Perculare

per-cu-là-re (io per-cù-lo)

Significato Prendere in giro, deridere, beffare

Etimologia dalla locuzione (prendere) per (il) culo, con suffisso verbale -are.

  • «Mi hanno perculato per tutto il tempo.»

La lingua non si ferma mai, e fra l’altro è sempre in cerca di soluzioni per rendere più immediato e liscio il passaggio di concetti a cui le masse di parlanti desiderano ricorrere più di frequente. Questo lavoro da fiume non di rado finisce per levigare intere locuzioni, apprezzate e diffuse, in agili ciottoli di parole, di verbi.

È strano da pensare esplicitamente, ma nella galassia della nostra immaginazione la beffa si sostanzia spesso in un paio di gesti: il prendere e il girare. Ti posso prendere per il naso, per il culo (dato che c’interessa per la parola di oggi) e per i fondelli, posso prenderti in giro, raggirarti. Il prendere (peraltro parente etimologico del predare) è qui un tiro, un pizzico, ma anche un afferrare e menare, condurre, mentre il giro continua il condurre e il guidare ma è anche un sorprendere, confondere. Non sono banalità: hanno a che vedere con i primi scherzi — primi in senso ancestrale, che continuiamo a ripetere con cani e cuccioli umani, quando le mediazioni del pensiero sono più smagliate.

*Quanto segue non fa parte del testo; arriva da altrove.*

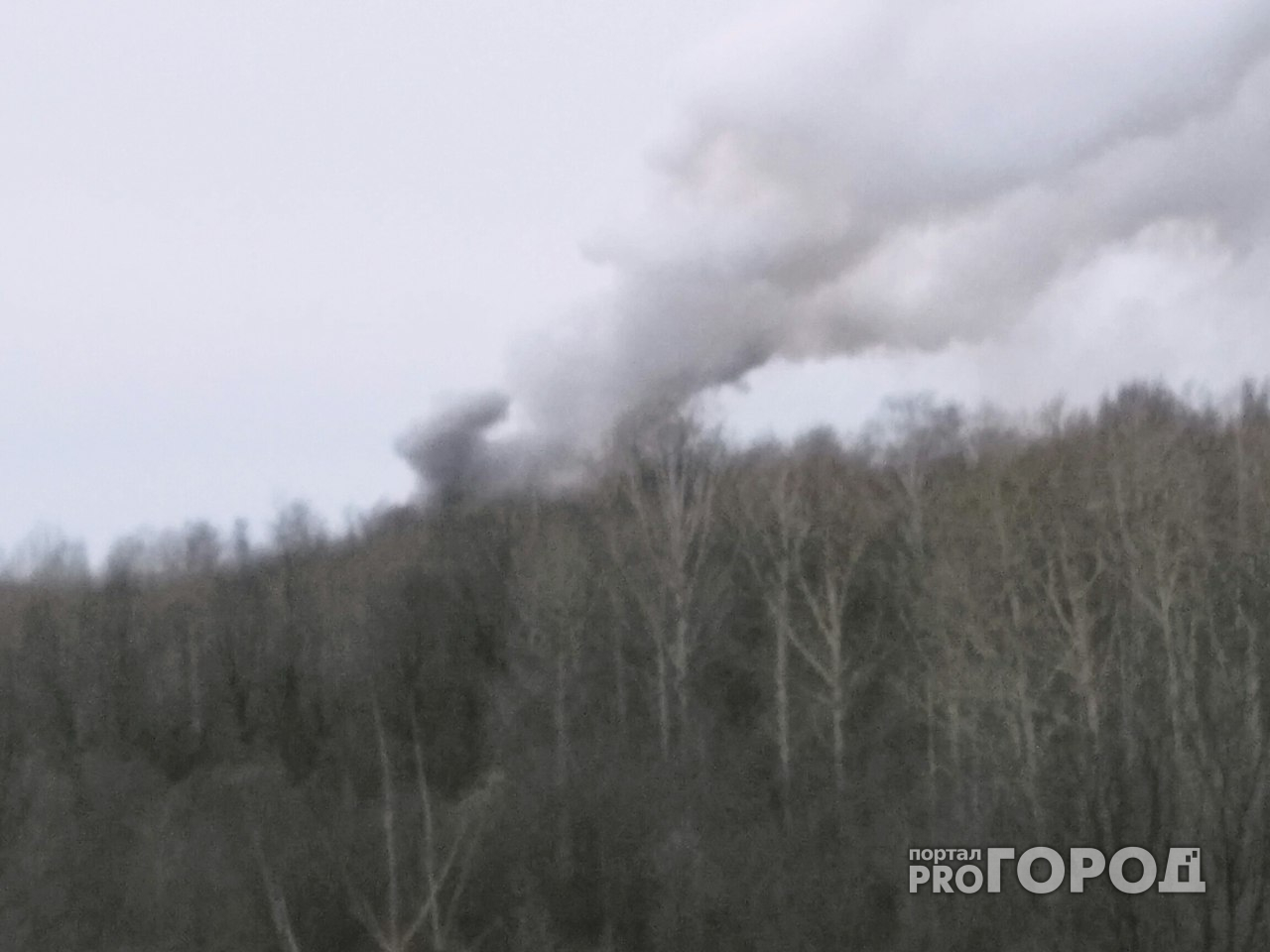 В Земетчинском районе более семи часов тушили горящий лес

Così, anche nel ‘prendere per il culo’ abbiamo un’osservazione poetica bassa e di prim’ordine insieme: è una zona allusiva, che nella rotondità delle natiche concentra giochi e tensioni, con vene scatologiche e sessuali, e un impreteribile, sorprendente punto di presa alle spalle, che sporge con evidenza dal muro di schiena e gambe. A dispetto di queste osservazioni, il successo dell’espressione in italiano, probabilmente a partire da una galassia dialettale, ha una cinquantina d’anni.

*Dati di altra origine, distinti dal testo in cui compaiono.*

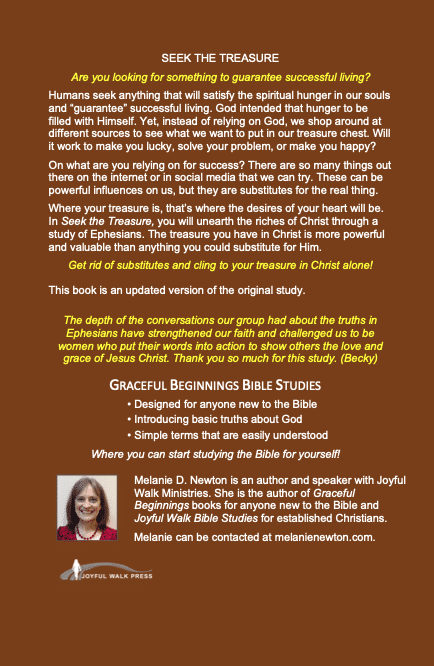 Seek the Treasure (Ephesians)—paperback - Image 2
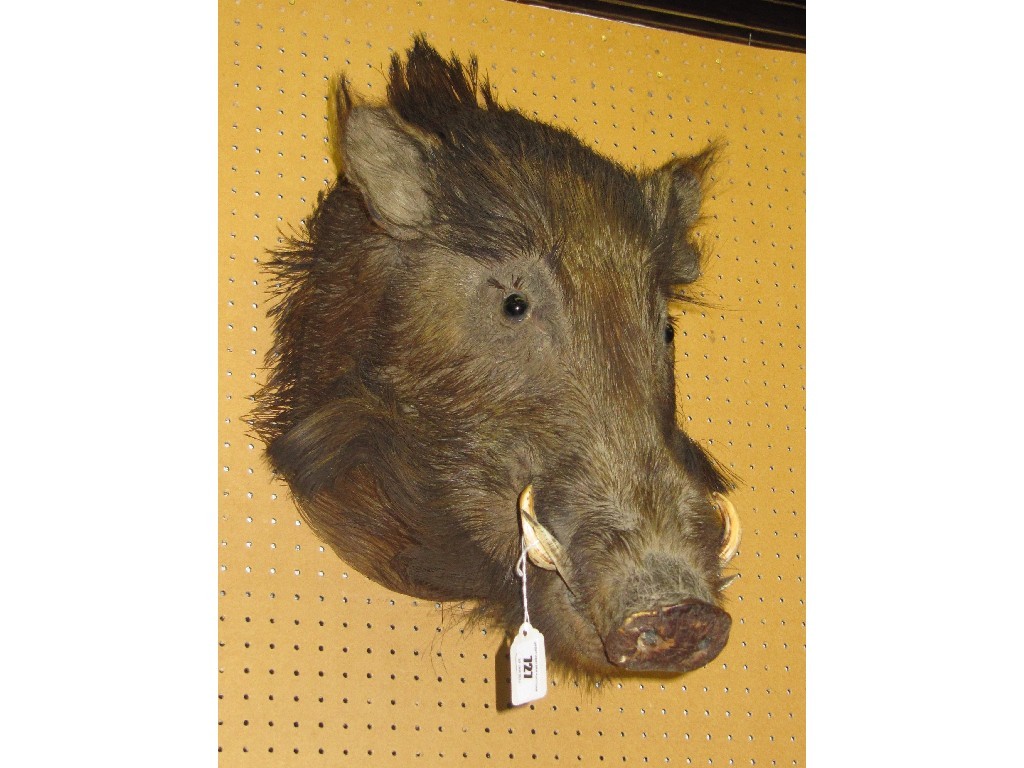 Appraisal: Wall mounted taxidermy of a boar's head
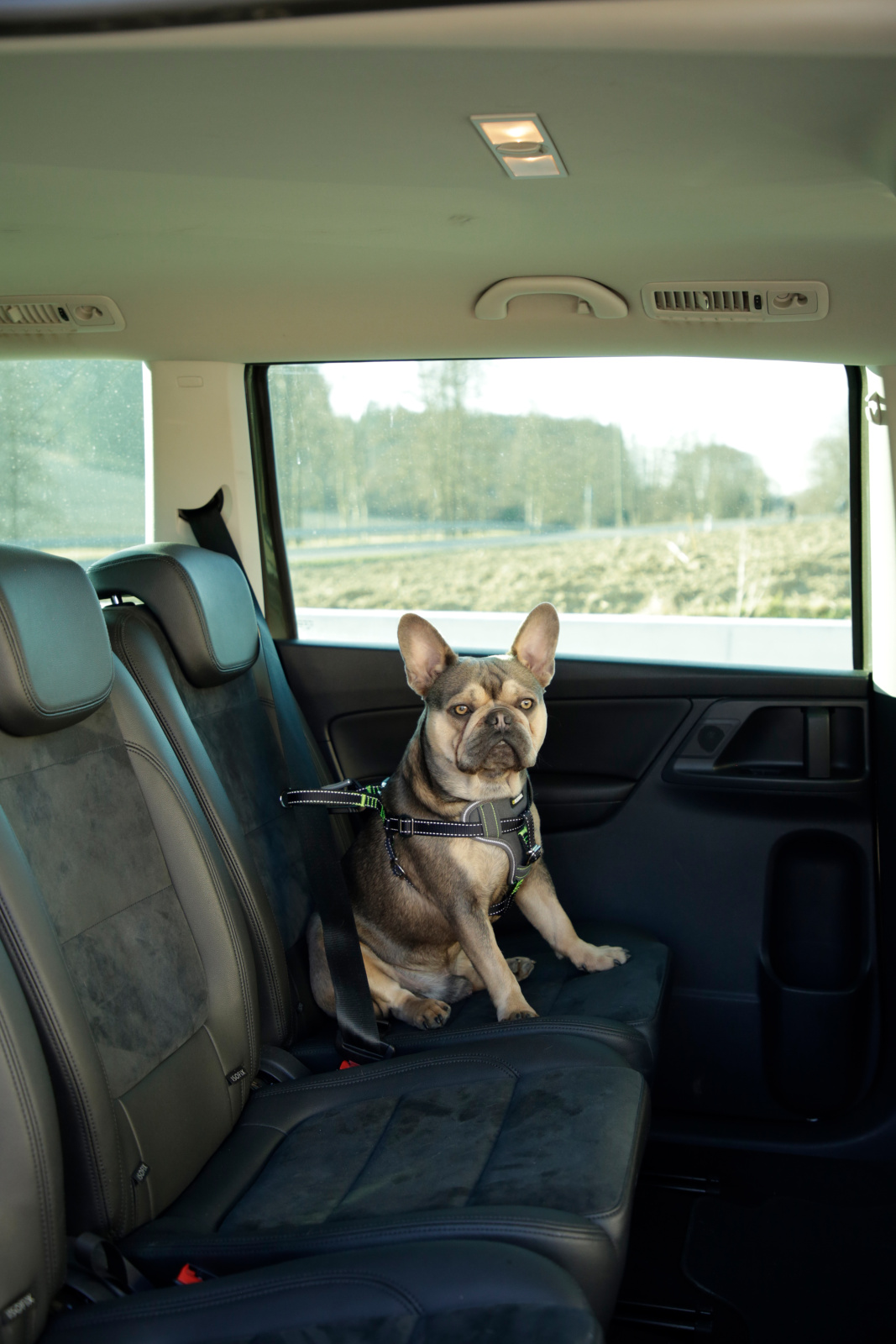 Kerbl Car Safety Harness pettorina auto cane nylon imbottita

Nel “prendere per il culo” abbiamo uno spettro che va dallo scherzo sincero all’inganno beffardo — ci prende per il culo l’amica che finge di passarci una telefonata paventata, ma ci prende per il culo anche l’artigiano del mercatino che ci vende un tagliere fatto da lui senza nemmeno togliere l’etichetta apposta dallo stabilimento nel Fújiàn.

Però “prendere per il culo” è una locuzione lunga, un settenario che deve farsi spazio con un’immagine analitica ingombrante — peraltro con quel ‘culo’ inequivocabile e bene in vista, mentre si sa, può essere un riferimento impertinente. Addirittura, chi si sbilancia a fare ipotesi sull’ascendenza indoeuropea del termine (percorso impervio), avanza una derivazione dalla radice ricostruita come kel, che significa ‘nascondere, celare’ — il che renderebbe la buffa somiglianza fra culo e occulto in una parentela.

Il ‘perculare’ interviene su questo problema, raccoglie la locuzione e la distilla in un verbo: da una ventina d’anni a questa parte ha iniziato a ricorrere in maniera sempre più sistematica. Più pronto e rapido, lievemente più coperto, ha mostrato di essere decisamente apprezzato. Infatti ancora non è un termine accolto dai dizionari, ma da quando è stato messo sotto osservazione come neologismo da Treccani sono passati sei anni, sei anni in cui si è decisamente diffuso anche in una lingua più generale e meno gergale. Insomma, sembra avviato a un’affermazione anche formale.

Così dirò che non andrò a quell’incontro a farmi perculare, il titolo dell’articolo prometterà di spiegare perché un tizio in vista ti sta perculando, mentre mi garantisci che con la figura che ho fatto mi perculerai vita natural durante.

Meno male la lingua passa anche da qui.